**What you have to do**:
Give the data again exactly, without its images.

^^^^^^^^^^^^^^^^

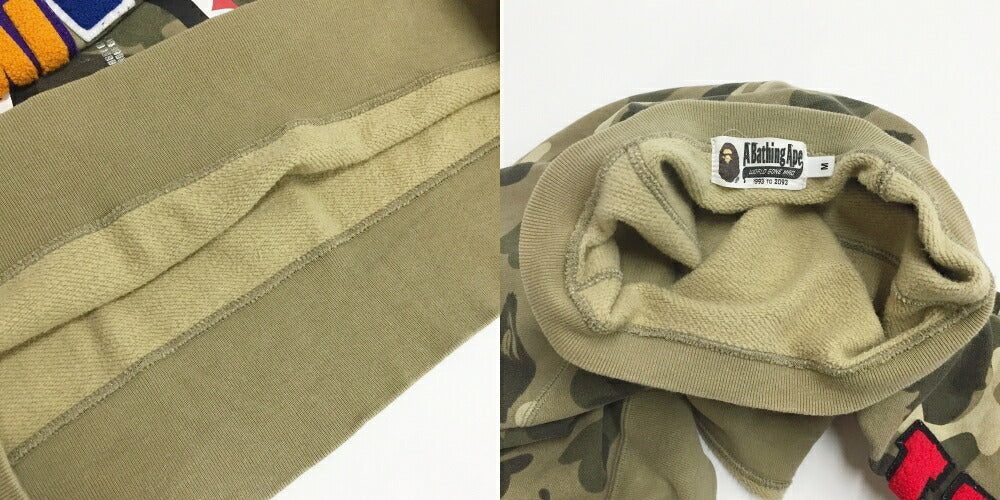 A BATHING APE Shark Arm Print Sweatshirt Khaki Size M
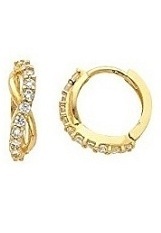 terrific teeny-tiny gold round cz baby huggie hoop earrings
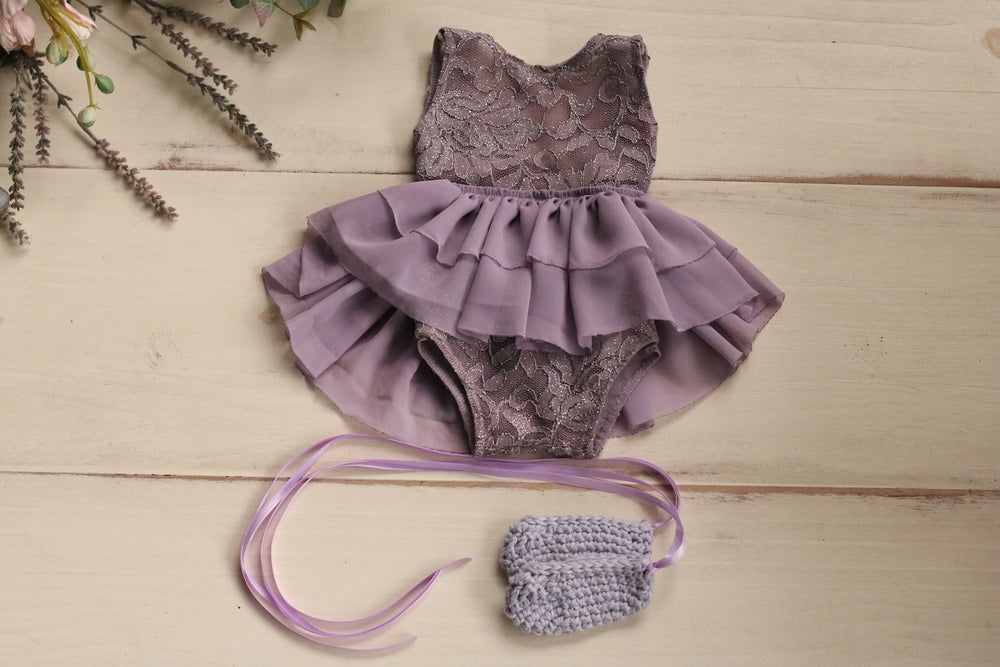Lavender Newborn Ballerina Dress and Shoes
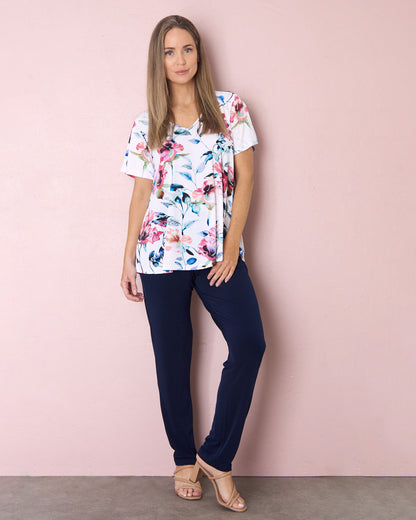 Vee Swing Flutter Top - Floral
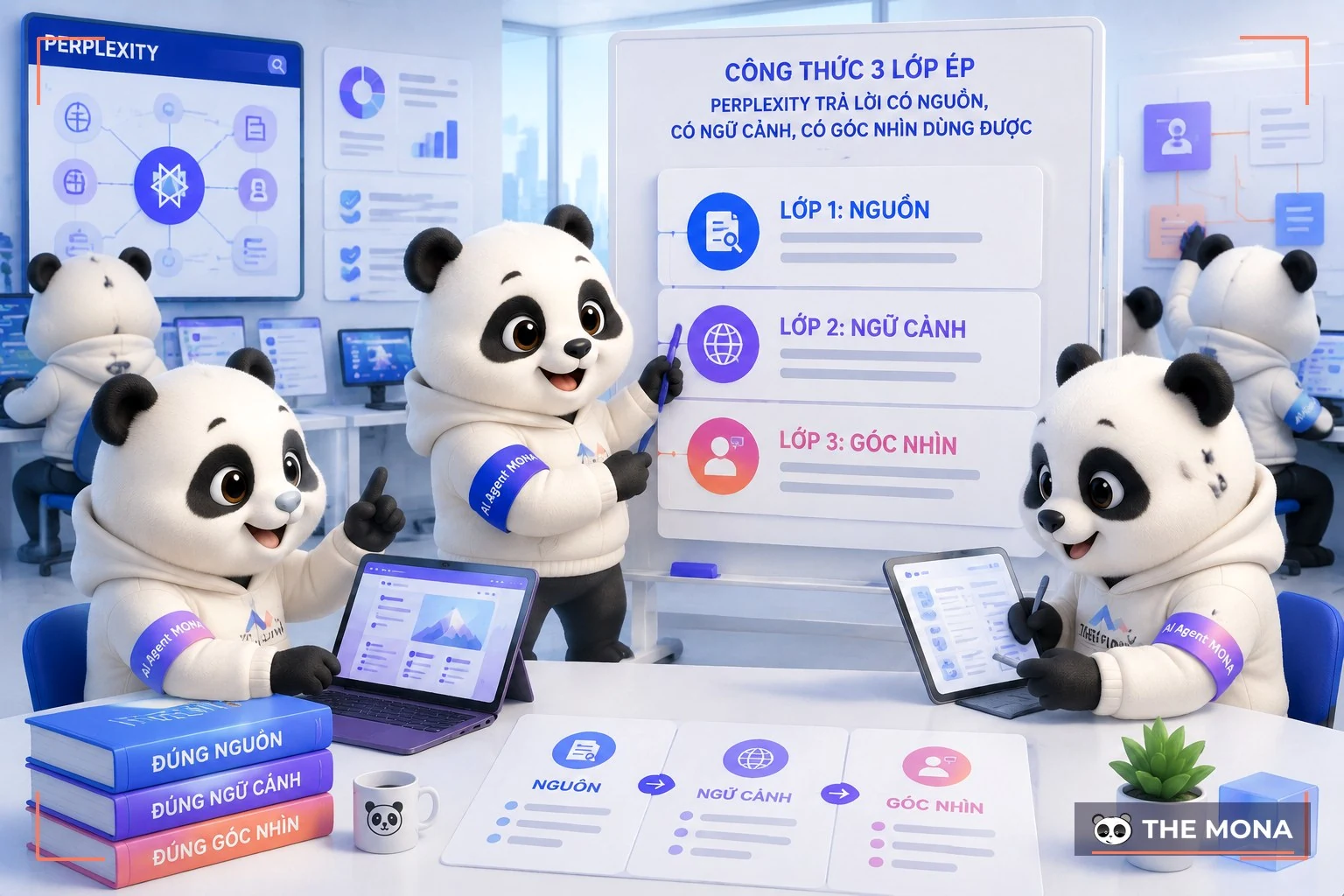 Đội gấu MONA đang thực hiện công thức 3 lớp ép perplexity trả lời có nguồn, có ngữ cảnh, có góc nhìn dùng được trong bối cảnh làm việc thực tế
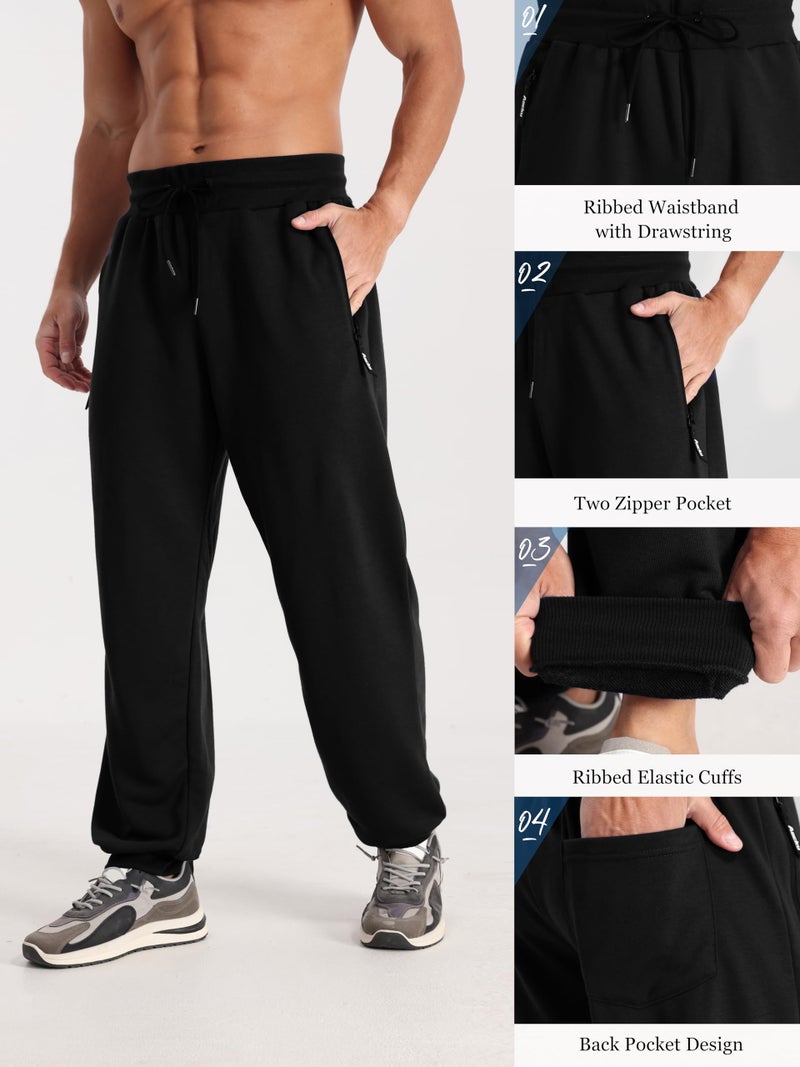 Aocku 4 Pack Mens Sweatpants Mens Athletic Joggers Pants with Zipper Pocket and Drawstring Workout Sweatpants Color B, L - Image 3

^^^^^^^^^^^^^^^^

**Solution to this exercise**:
 A BATHING APE Shark Arm Print Sweatshirt Khaki Size M
 terrific teeny-tiny gold round cz baby huggie hoop earrings
Lavender Newborn Ballerina Dress and Shoes
 Vee Swing Flutter Top - Floral
 Đội gấu MONA đang thực hiện công thức 3 lớp ép perplexity trả lời có nguồn, có ngữ cảnh, có góc nhìn dùng được trong bối cảnh làm việc thực tế
 Aocku 4 Pack Mens Sweatpants Mens Athletic Joggers Pants with Zipper Pocket and Drawstring Workout Sweatpants Color B, L - Image 3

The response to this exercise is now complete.